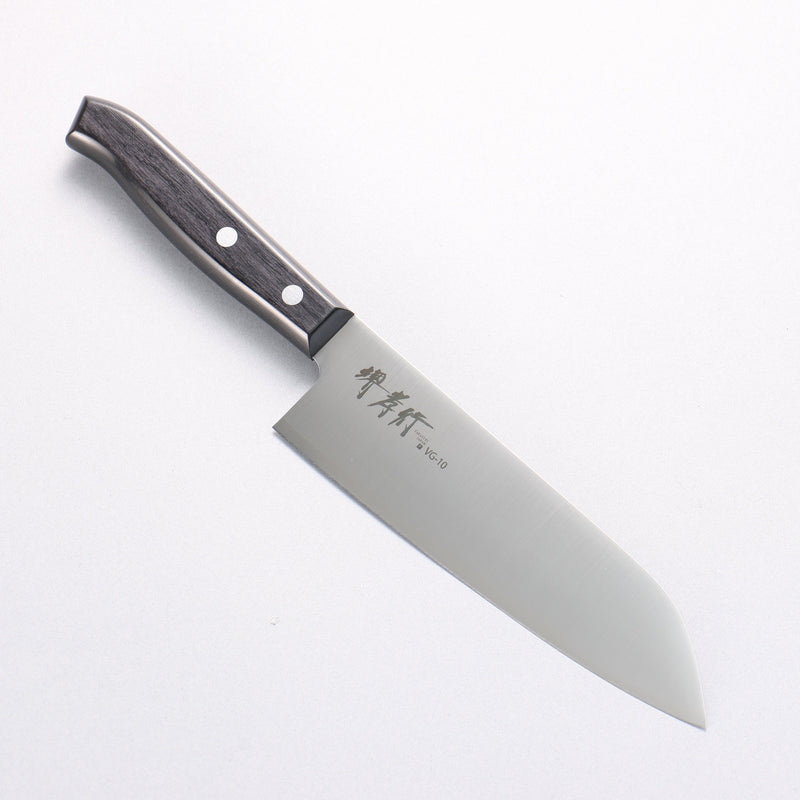 Sakai Takayuki Sumire VG10 Santoku 165mm Black Pakka wood Handle - Japannywholesale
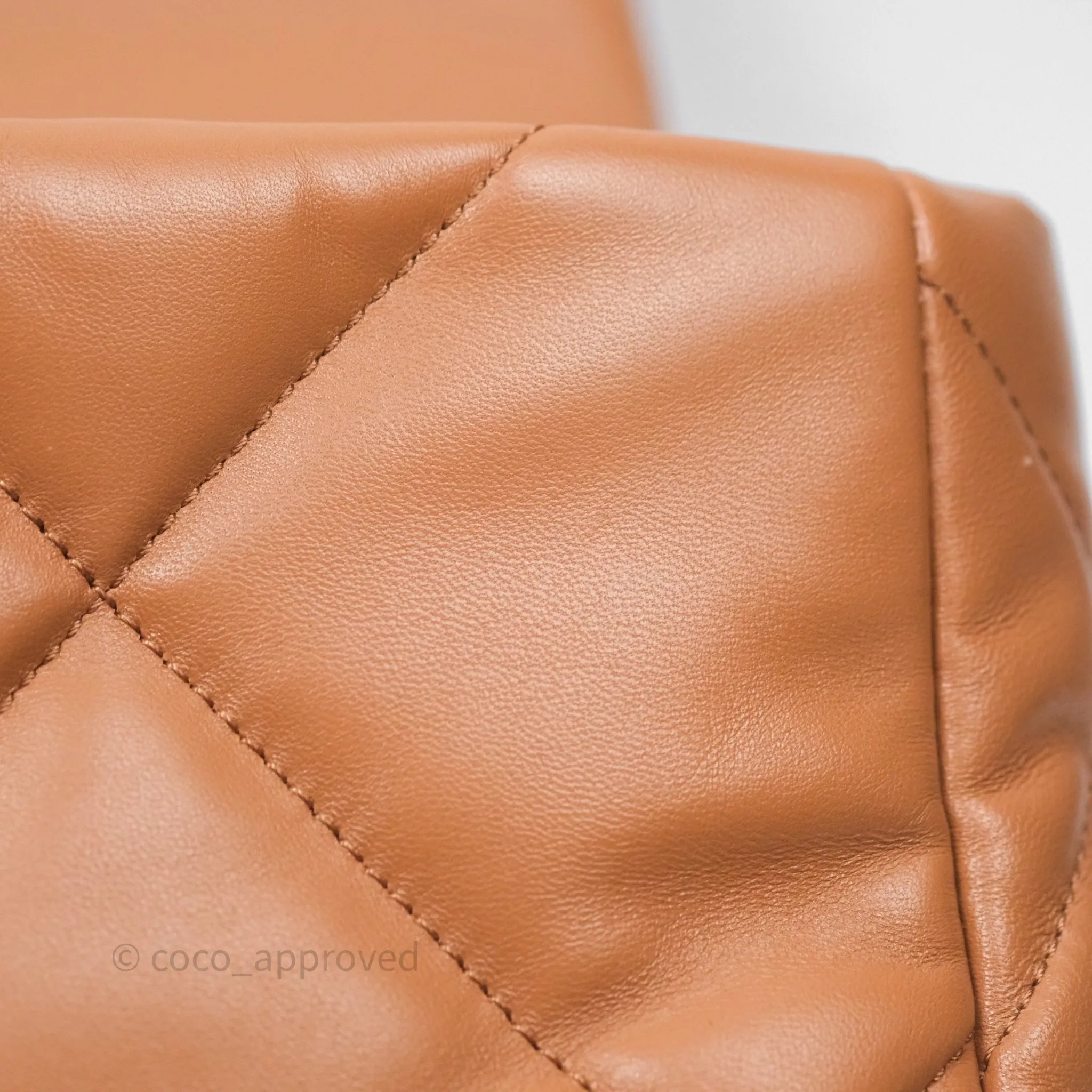 Chanel 19 Small Caramel Dark Beige Brown Mixed Hardware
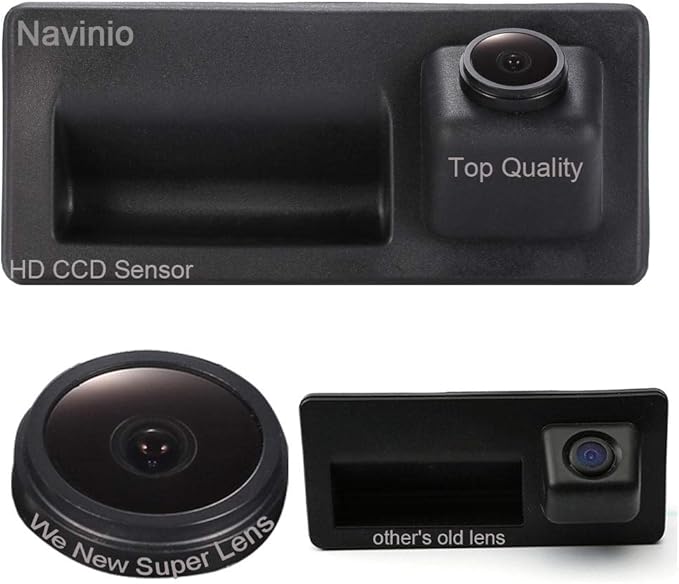 HD car rear view camera parking reverse back for Audi A3 A4L S4 A5 Q3 Q5 A7 A6L A8L S6 S7 RS5 VW Golf Tiguan Touareg Sharan Passat Sagitar Skoda Rapid Octavia Fabia superb (Model A=110*50mm)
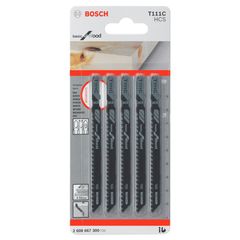 Lâmina de serra tico tico Bosch T111C Basic for wood blister com 5 unidades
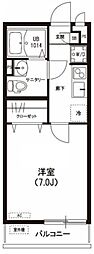 リブリ・グランカリテ 3階1Kの間取り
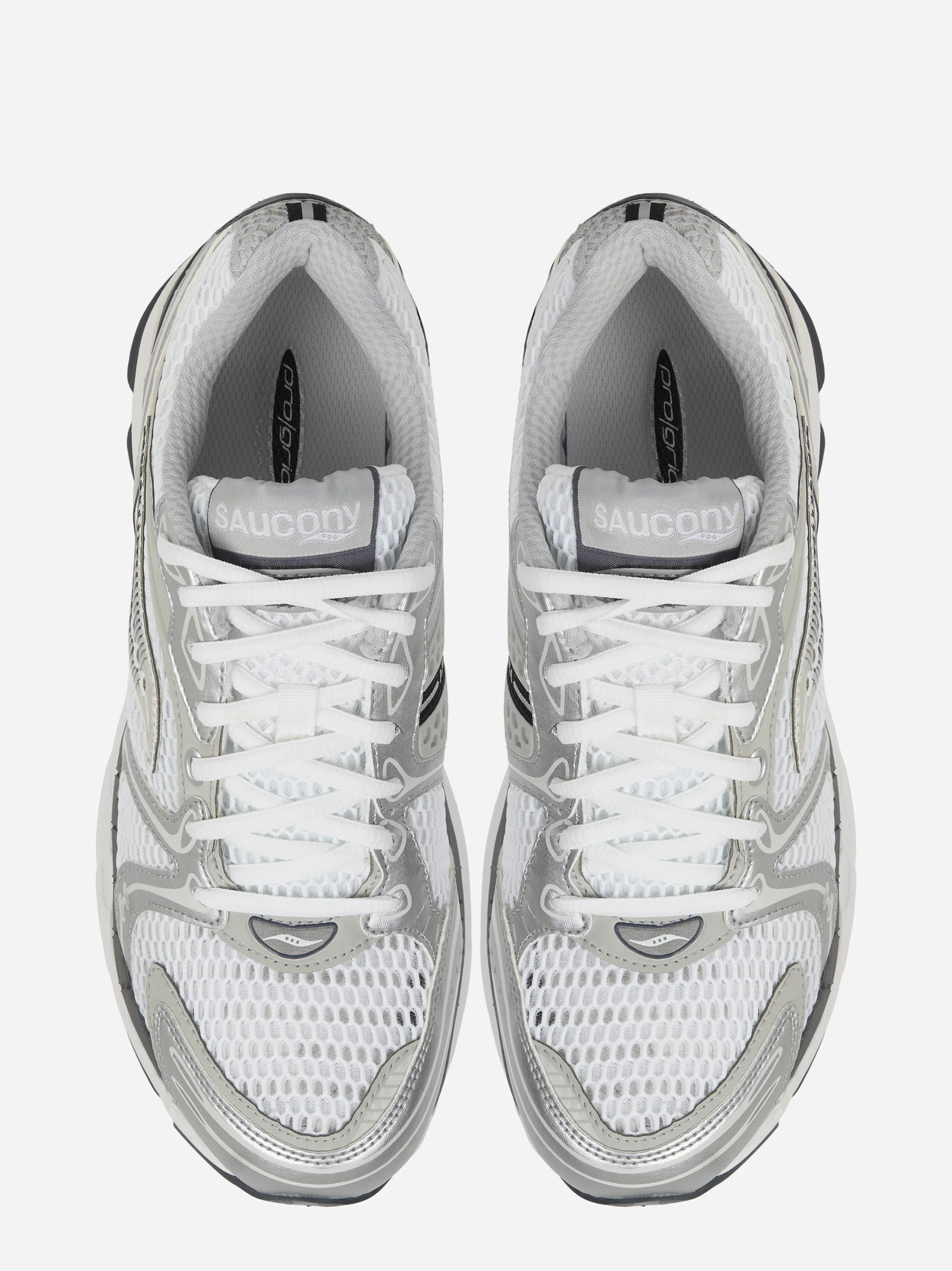 Sneakers Triumph bianche e argento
■ ■ ■ ■ ■ ■ ■
Skip the pictures; extract only the lines from the line with "Chanel 19 Small" through the final line of the material, exactly as they appear.

 Chanel 19 Small Caramel Dark Beige Brown Mixed Hardware
 HD car rear view camera parking reverse back for Audi A3 A4L S4 A5 Q3 Q5 A7 A6L A8L S6 S7 RS5 VW Golf Tiguan Touareg Sharan Passat Sagitar Skoda Rapid Octavia Fabia superb (Model A=110*50mm)
 Lâmina de serra tico tico Bosch T111C Basic for wood blister com 5 unidades
 リブリ・グランカリテ 3階1Kの間取り
 Sneakers Triumph bianche e argento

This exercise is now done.